春頃からは、今まではプランターでやっていていた野菜作りを畑でやりたいと感じ始めていたところ、妻の実家の畑を借りられることになりました。
そして、野菜作りの楽しさに目覚めて、株式市場が引けてからウキウキしながら畑に直行するようになりました。
畑作業の中では、苗を植える、収穫する、雑草を抜くなど目の前の作業中は「日常生活の中での傾注観察」の良き練習となり、作業に集中することもできました。
そして、野菜の苗や種を植えたり世話をしたり収穫することが楽しくてしょうがないと思えるようになってきました。
自己洞察瞑想法の課題の1つでもある運動では、今までできなかったことにチャレンジしたくなり、水泳を始めました。
息継ぎができず25mもまともに泳げなかったのが、からだの動きに注意を向けて真剣に練習したら25mプール10往復500mくらいは泳げるようにもなり、一生懸命やることによって上達していくことに喜びを感じるようになってきました。

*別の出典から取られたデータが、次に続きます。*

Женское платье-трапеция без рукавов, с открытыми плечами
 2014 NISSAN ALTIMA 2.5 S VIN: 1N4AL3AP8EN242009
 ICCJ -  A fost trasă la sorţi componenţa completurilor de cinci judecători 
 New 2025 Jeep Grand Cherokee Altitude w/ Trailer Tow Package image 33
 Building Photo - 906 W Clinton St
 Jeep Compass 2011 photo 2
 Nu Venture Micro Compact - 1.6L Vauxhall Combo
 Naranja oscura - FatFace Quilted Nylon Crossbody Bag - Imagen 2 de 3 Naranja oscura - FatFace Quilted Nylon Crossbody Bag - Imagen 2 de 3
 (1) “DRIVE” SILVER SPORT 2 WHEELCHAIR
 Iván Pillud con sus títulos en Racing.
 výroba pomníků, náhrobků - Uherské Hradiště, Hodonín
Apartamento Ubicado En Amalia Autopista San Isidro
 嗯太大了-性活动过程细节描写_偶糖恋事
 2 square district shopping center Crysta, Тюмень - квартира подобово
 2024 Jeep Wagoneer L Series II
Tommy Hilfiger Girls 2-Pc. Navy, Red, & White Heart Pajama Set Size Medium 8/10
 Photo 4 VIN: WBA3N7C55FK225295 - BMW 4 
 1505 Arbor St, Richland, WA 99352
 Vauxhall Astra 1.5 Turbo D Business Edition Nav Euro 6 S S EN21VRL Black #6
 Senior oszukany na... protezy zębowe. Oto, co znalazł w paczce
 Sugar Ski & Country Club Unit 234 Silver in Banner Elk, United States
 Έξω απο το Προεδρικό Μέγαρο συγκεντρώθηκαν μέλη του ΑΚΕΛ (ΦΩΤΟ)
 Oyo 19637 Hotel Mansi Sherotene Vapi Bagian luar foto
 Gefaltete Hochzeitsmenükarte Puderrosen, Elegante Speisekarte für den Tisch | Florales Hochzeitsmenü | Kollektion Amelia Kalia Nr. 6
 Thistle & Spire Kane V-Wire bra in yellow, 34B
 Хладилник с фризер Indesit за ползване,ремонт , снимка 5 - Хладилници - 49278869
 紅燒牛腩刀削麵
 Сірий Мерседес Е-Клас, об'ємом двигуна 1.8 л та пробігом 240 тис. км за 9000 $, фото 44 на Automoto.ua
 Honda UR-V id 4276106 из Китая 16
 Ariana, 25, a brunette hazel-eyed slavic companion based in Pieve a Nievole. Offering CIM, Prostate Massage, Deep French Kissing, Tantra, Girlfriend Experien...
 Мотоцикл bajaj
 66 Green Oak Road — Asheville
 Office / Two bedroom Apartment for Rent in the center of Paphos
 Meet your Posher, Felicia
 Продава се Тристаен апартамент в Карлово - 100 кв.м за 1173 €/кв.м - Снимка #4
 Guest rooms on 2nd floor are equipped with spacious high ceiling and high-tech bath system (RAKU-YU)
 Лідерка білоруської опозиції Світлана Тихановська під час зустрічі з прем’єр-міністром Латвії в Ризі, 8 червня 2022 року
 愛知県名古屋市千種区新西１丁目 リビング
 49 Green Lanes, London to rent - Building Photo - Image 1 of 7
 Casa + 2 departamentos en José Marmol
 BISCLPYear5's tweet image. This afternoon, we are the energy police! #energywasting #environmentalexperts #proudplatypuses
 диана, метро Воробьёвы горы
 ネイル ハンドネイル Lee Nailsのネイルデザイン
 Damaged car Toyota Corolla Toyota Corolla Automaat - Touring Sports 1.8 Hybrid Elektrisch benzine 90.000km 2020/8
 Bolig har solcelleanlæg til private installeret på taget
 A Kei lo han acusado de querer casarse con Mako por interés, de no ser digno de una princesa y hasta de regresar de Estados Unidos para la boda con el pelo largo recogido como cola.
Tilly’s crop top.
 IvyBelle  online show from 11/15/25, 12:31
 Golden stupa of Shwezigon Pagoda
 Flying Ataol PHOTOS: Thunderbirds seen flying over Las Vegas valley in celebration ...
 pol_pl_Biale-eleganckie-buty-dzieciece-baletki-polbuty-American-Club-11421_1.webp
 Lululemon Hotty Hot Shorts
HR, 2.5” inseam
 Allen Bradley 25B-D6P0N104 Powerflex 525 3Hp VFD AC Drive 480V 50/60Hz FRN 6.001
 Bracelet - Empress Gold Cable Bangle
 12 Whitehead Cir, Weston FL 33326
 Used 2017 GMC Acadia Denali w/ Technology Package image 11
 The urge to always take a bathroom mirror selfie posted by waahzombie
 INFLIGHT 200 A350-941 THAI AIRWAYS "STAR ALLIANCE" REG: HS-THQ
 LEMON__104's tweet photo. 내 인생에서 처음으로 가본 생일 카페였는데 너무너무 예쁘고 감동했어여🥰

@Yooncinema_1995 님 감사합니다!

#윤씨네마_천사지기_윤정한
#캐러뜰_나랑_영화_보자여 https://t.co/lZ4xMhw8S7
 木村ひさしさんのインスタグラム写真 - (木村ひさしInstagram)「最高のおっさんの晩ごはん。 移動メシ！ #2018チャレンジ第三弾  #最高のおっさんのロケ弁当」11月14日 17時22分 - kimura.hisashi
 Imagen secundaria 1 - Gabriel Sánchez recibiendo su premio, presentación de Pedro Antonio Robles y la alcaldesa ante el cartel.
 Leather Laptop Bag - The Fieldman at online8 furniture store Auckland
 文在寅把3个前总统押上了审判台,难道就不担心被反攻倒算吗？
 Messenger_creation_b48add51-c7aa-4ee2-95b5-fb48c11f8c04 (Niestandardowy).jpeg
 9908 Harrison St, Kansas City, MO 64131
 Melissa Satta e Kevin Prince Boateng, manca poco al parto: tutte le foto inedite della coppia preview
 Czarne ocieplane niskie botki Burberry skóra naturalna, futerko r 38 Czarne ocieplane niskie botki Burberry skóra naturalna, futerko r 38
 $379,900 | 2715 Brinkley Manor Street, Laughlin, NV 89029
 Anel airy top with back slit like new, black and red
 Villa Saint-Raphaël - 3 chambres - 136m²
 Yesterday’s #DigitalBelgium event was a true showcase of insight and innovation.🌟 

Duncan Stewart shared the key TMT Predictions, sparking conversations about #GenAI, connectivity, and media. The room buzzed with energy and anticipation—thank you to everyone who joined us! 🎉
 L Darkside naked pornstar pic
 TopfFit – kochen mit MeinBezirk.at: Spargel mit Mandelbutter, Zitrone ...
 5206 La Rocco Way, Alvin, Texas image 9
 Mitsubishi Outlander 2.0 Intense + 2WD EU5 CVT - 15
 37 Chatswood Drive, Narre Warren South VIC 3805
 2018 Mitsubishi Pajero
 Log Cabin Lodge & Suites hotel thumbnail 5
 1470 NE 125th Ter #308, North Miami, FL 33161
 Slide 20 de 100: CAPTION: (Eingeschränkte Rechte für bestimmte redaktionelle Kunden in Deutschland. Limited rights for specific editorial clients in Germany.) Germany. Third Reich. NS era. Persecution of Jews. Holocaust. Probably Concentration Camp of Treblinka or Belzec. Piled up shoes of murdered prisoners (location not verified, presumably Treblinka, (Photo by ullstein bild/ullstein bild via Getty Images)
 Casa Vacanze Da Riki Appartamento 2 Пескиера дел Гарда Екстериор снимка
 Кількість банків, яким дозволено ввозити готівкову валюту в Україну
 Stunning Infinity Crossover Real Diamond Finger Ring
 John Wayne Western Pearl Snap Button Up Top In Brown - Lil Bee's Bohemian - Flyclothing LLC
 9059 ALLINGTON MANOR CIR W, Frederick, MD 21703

また、若い頃から人間関係にも悩んできましたが、「自分にマイナスの影響を与えていると感じていた人」も「今ここ」にはおらず、自分が作った妄想であると知り、やがて気にならなくなっていきました。
自分から離れていくように感じられ、自分の見方が変われば世界が変わってくることを確信しました。
逆に今まで30年近く疎遠だった中学の同級生との交流が復活してきました。
地元の祭りに誘われて、参加したりして交流を楽しむことができたことに純粋に驚きを感じたりもしました。
行動中の自分の観察からの大きな気づき
行動時自己洞察法は、妻と会話している時、皿を洗っている時など随時やるようにしていきました。
10ヶ月のセッションを折り返し、6セッションで本音の観察に取り組んでいる時に大きな気づきがありました。
以前は妻との間の些細な出来事にも苛立ち、かといって思っていることを妻にも言えず、どんどんストレスが溜まっていくばかりでした。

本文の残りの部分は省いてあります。